Please print exactly the lines from the one containing "thyme in French political history" through the last line of the records, and only those. Leave out any pictures.

Data to process Block Start

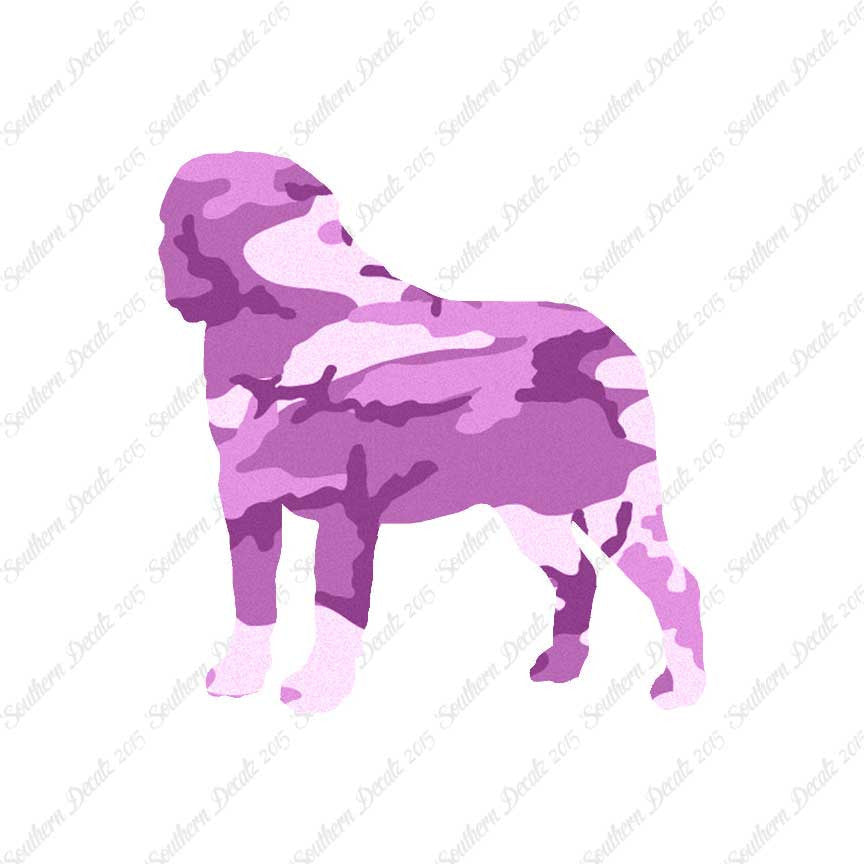Saint Bernard Dog Breed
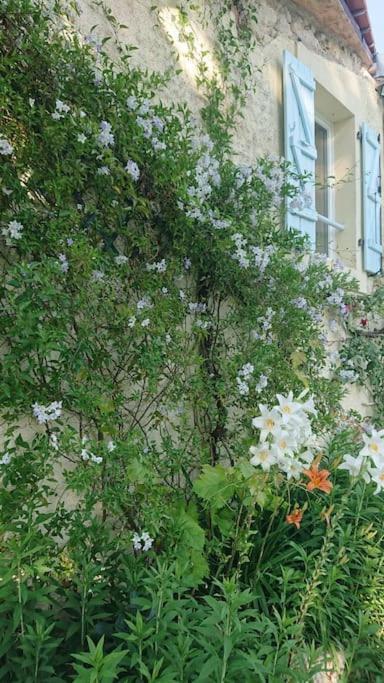 Entire Apartment With Swimming Pool Near Aubeterre Saint-Romain  Exterior foto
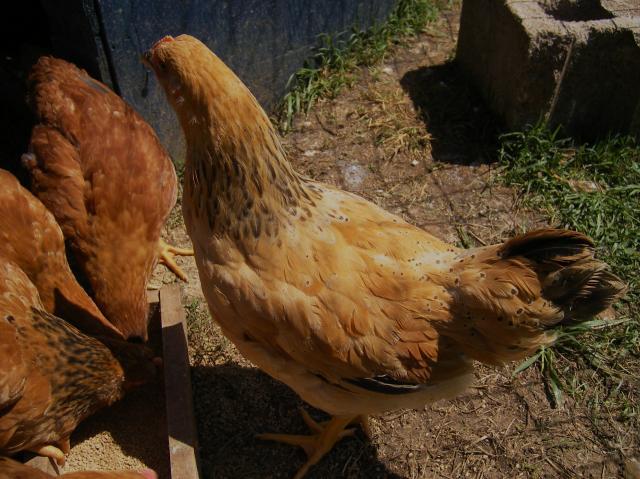 29579_new_chicks_018.jpg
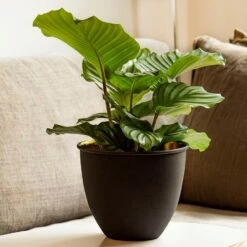 Matt Black Pot Cover With Polished Brass Interior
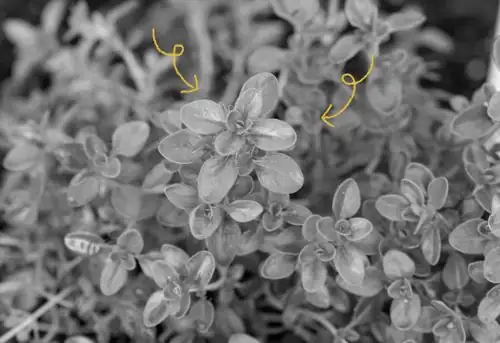 thyme in French political history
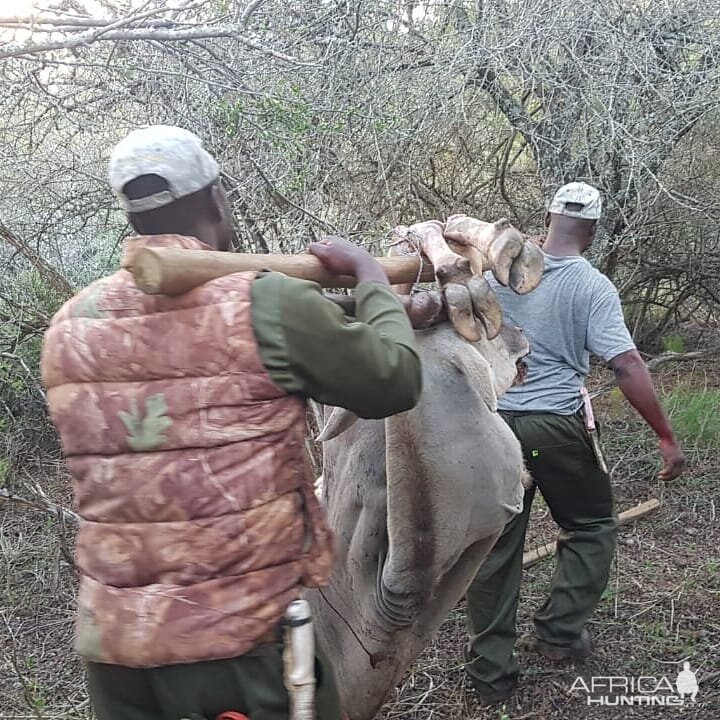 Eland Hunting in South Africa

Data to process Block End

**Exercise output:**
 thyme in French political history
 Eland Hunting in South Africa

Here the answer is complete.